Obediah Johnson — the lost-and-found soul played by a magnificent James Earl Jones in “The Annihilation of Fish” — has a barrel chest and a voice that sounds like it emerged, warmed and polished, from unfathomable depths. It’s an instrument that many know from “Star Wars” and “The Lion King,” in which Jones voiced two of the most totemic fathers in movies. Yet the eloquence of his basso profundo was also instrumental in lesser-known works like “Annihilation,” Charles Burnett’s deeply humane, singular view from the margins that is receiving a theatrical release 26 years after its first public screening at a film festival.
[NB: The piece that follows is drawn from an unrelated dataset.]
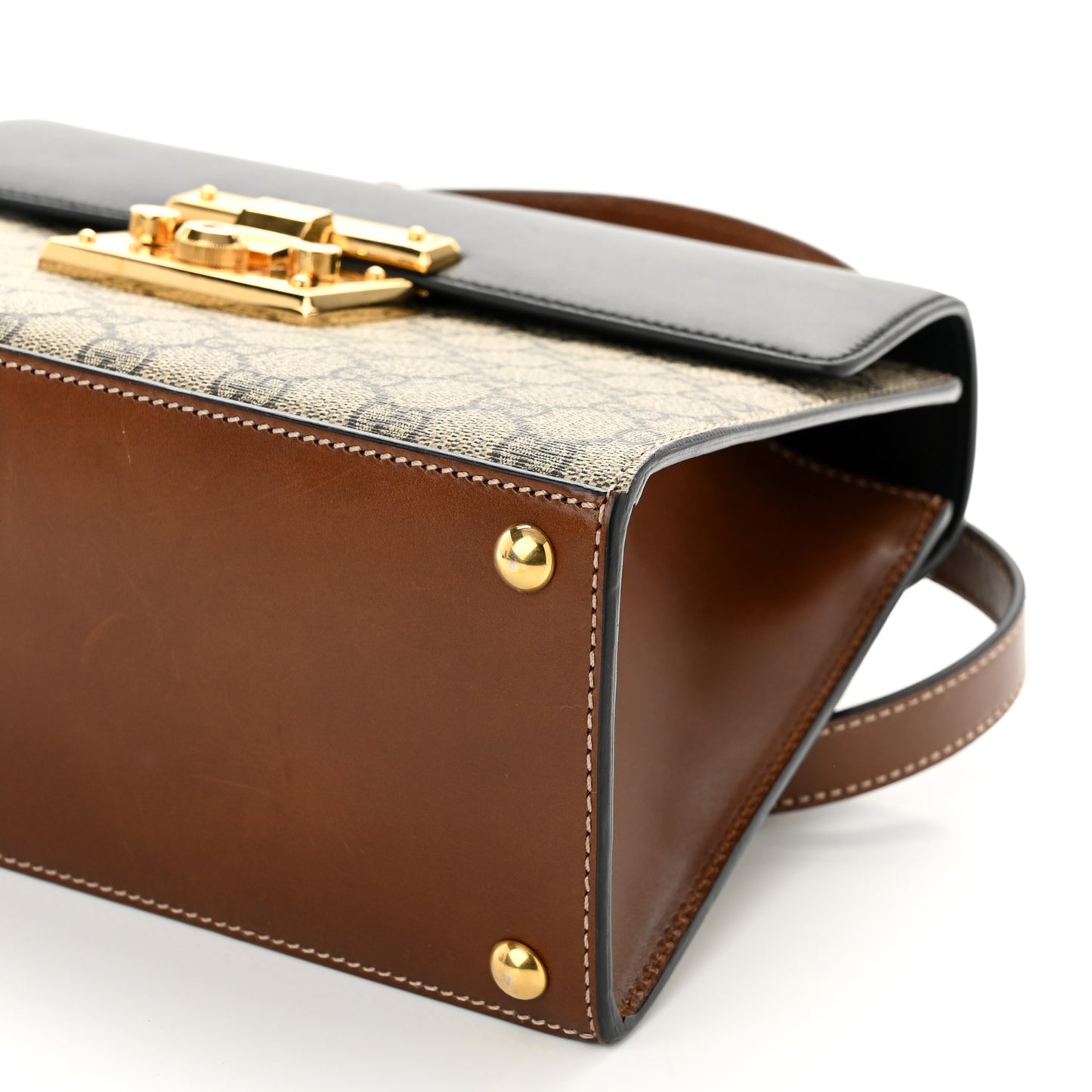 GG Supreme Monogram Calfskin Small Padlock Top Handle Bag Beige Black Cuir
It seems shocking that it’s taken this long for the film to hit theaters given Burnett’s elevated standing; his masterful “Killer of Sheep” (1978) is a milestone in American cinema and his reputation long established. Among other things, genuine independent filmmaking, the kind that transcends formula and expectations and comes without corporate sponsorship, has always been difficult to market. And Burnett, whose filmography includes “To Sleep With Anger” (1990), a neo-Gothic tale about a Southern interloper that slips between drama and comedy, has always defied compartmentalization. He can’t be pigeonholed.
The movie is often gently funny, though occasionally lurches into boisterous excess, with jolts of slapstick and glints of ticklish nonsense. At the same time, there’s a strong current of melancholy running throughout the story, which complicates and occasionally destabilizes its comedy. There are moments here when you laugh but aren’t sure if you should, and instances when you wonder (and worry) if you’re laughing with the characters or at them, and whether it matters. Most movies prompt you about when it’s time to laugh and to cry; not this one.
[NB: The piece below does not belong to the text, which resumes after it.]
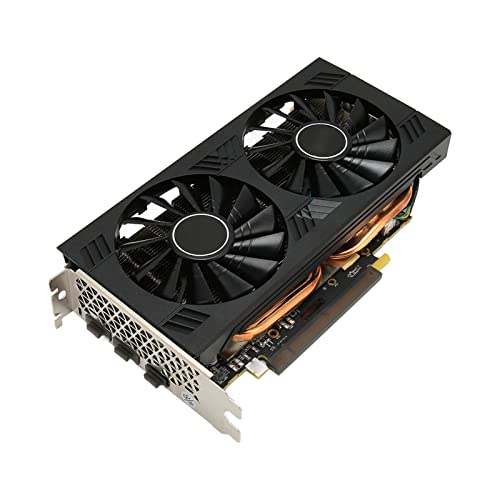 Bewinner Scheda Grafica da Gioco per Radeon RX 580, Scheda Grafica GDDR5 da 8 GB, Risoluzione 1286 Mhz 4096x2160, Interfaccia di Alimentazione a 8 Pin, Doppia Ventola, Scheda Grafica per PC RX 580 per Lavoro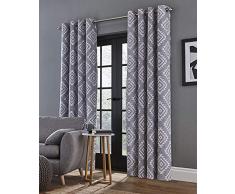 Catherine Lansfield Azteca Cortinas 66 x 90, poliéster, Plateado, Curtains - 66x90In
Written by Anthony C. Winkler, the film tells the tale of Obediah — he goes by Fish — a Jamaican immigrant who’s long lived in a mental facility in New York and claims to be bedeviled by an invisible demon he calls Hank. The demon pops up unexpectedly, as imps tend to do, and Fish keeps him in check by wrestling him. They’re grappling in church soon after the movie opens, a tussle that ends with Fish being abruptly ousted from his group home.
Fish ends up in that vexed paradise known as Los Angeles, where he moves into a modest, dilapidated apartment building run by a friendly eccentric, Mrs. Muldroone (a winning Margot Kidder). With its lush garden and stained, peeling interior, the building is the sort of place you can imagine the likes of Nathanael West and David Lynch making poetically dark use of. By contrast, Fish settles in with the pragmaticism of someone who must make do with what little life has afforded him: He spruces up his new apartment, transforming squalor into a home.
The trickiest character in the movie, Poinsettia (Lynn Redgrave), is introduced sometime before she and Fish meet; you know she’s important to his story from how Burnett cuts between them, like an anxious matchmaker.
Poinsettia proves more difficult to warm to, in part because of her excesses. There’s a strong element of pantomime to Redgrave’s performance, to how she flails about, arms akimbo, and how she snaps her rubber-band mouth into exaggerated smiles and frowns.
A modest movie modestly told, “The Annihilation of Fish” sneaks up on you; it’s as stealthy as Fish’s demon and can pack just as powerful a wallop. It’s a story about two people who find each other, and while love stories are often irresistible, what distinguishes this one is the tenderness of Burnett’s touch and the generosity of his worldview. He isn’t a showboat (he’s more Fish than Poinsettia), so it can be easy to miss the grace notes that fill this film, which makes room for characters who in other contexts might be called offbeat, strange or weird. They are also, simply, just people, which is why the image of Fish comfortingly extending his hand to another person is such a strikingly authorial gesture.